It’s been a bit quiet here on the blog front recently in terms of original content – the reason being that I have been going a little crazy with a new hobby - collecting LEGO!
I feel that there is a lot of interesting aspects to discuss here and to attempt to explain why I find it all so fascinating. But first, here's is a brief outline of how it all started:
Like a lot of my generation, I played with LEGO when I was a youngster. I didn’t really own huge quantities, but I did enjoy a bit of Pirate themed LEGO (interestingly this was way before the Pirates of The Caribbean franchise made it all extremely popular again) and I still have two big sets sitting (still constructed and very dusty) on a shelf back at home.
In fact, it was these two (see images below) - the Black Seas Barracuda (6285) and the Rock Island Refuge (6273). The release dates on the database at Brickset say 1989! Wow.

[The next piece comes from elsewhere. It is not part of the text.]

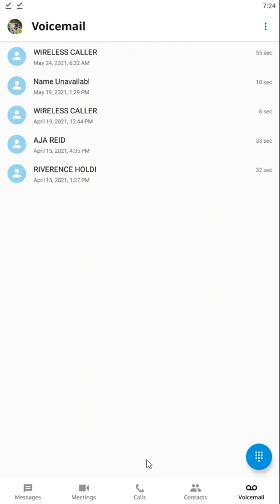That's it for the most part for all of these settings and everything. Our next video is going to go over calling and how to use the application as a smartphone calling device, so it allows you to make and receive calls right from your smartphone as if you were sitting at your desk. We'll see you in the next video.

Apart from that I didn't really do much with LEGO growing up. Having played a lot of Videogames in my teens and adult years it was inevitable that I would come across the increasingly popular crossover games such as LEGO Star Wars and LEGO Indiana Jones. I’ve always loved the original Star Wars films, especially the design and aesthetic of the Empire (particularly the Stormtroopers) and was aware of the existence of Star Wars Lego product tie-ins, especially after the release of the ‘prequel’ trilogy. But that was about it.
That was until a few months ago when 2 things happened.
That was until a few months ago when 2 things happened.
Firstly, my lovely girlfriend bought me a Lego Stormtrooper keyring off of eBay. It was too nice to actually put on my set of keys and get ruined by general scuffing, so I pinned it up on my corkboard.
The second inciting incident was the opening of the long awaited new shopping centre in the middle of Leeds: Trinity Walk; and within it a LEGO shop. Now there are only 12 of these in the UK (so far) so of course I had to check it out. They had a small section with key rings – the ones I was interested in (the Original Trilogy Star Wars and Marvel/DC characters) were there and so I picked up one or two every time I popped in. As my collection of key rings steadily grew, I eventually bought a small felt board to display them on. You can see a picture of it below:
So why LEGO?
A brief diversion: why do I like LEGO?
Firstly, it’s the look. For me, it totally has to do with the style and aesthetic – especially in regards to the minifigures (although this can also be seen in the construction kits). I just like how a lot of LEGO is standardised and most minifigures that are newly designed often has to find a way that fits within that style and aesthetic. This leads to interesting instances of the recycling of certain pieces/accessories. A tiny stud has many different uses – a rounded tail light on the back of a car, a piece of gold in a chest, Iron Man’s hand thrusters – they are all from the same basic piece, just used in different ways.
The design of every little piece also adds a universal interchangeability between almost everything. Want to switch around everybody’s body parts, headgears or accessories just for a laugh? You can totally do that.
Sometimes I like to see what pieces are used in constructing a particular model just to see what common parts they have used and marvel at the ingenuity of the design.
There are three main ways that fans of LEGO operate. Firstly: the standard idea of buying a set and constructing the contents by following the instructions. The instructions are always detailed, clear and in a way that is easy to understand by any country in the world (it's all graphical - now words needed), and being able to build a complex model relatively quickly provides a satisfying experience.
Secondly: the collection of minifigs. Some people just like to collect minifigs and are not too bothered about the construction aspect. LEGO have been very smart in making a lot of minifigs exclusive to certain sets (eg: you cant get a ‘Dark Knight Rises’ Bane minifig without buying the whole Bat Vs Bane Tumbler Chase (76001) set which, at the time of writing, will set you back £40. As a result, there is a massive market for buying and selling solo minifigures on eBay and some large sellers even going so far as to buy multiple sets, remove the exclusive minifigs from the box and then selling them all separately on eBay to cater for the demand.
Similarly there are also the aforementioned ‘key ring attached’ minifigs and ‘magnet’ minifigs (as due to licensing reasons LEGO are not allowed to sell them without being attached to something) that has also led to some people (myself included) researching ways to cleanly detach them. More on all this later.
The third draw of Lego. takes the form of MOCs (My Own Creation) whether they be custom constructed models or art pieces. These take many forms, including custom minifgs, sculptures, dioramas, pixel art… there are endless possibilities. The simplicity and universality of LEGO design mentioned earlier plays a big part in people using existing pieces to construct their own creations. Again, we will take a look at some examples later.
I have taken a particular liking to collecting minifigs mostly, but I do also enjoy the construction of certain sets (especially vehicles) - it’s just that larger LEGO sets are expensive and take up a lot of room that I frankly don't have in my house. I have also planned a pixel art piece made from a specific selection of brick sizes and colours – but more on that later. So I guess you can say I enjoy all three categories. That's why I find LEGO so damn appealing!
Okay this is getting pretty long so I’ll split into a few parts.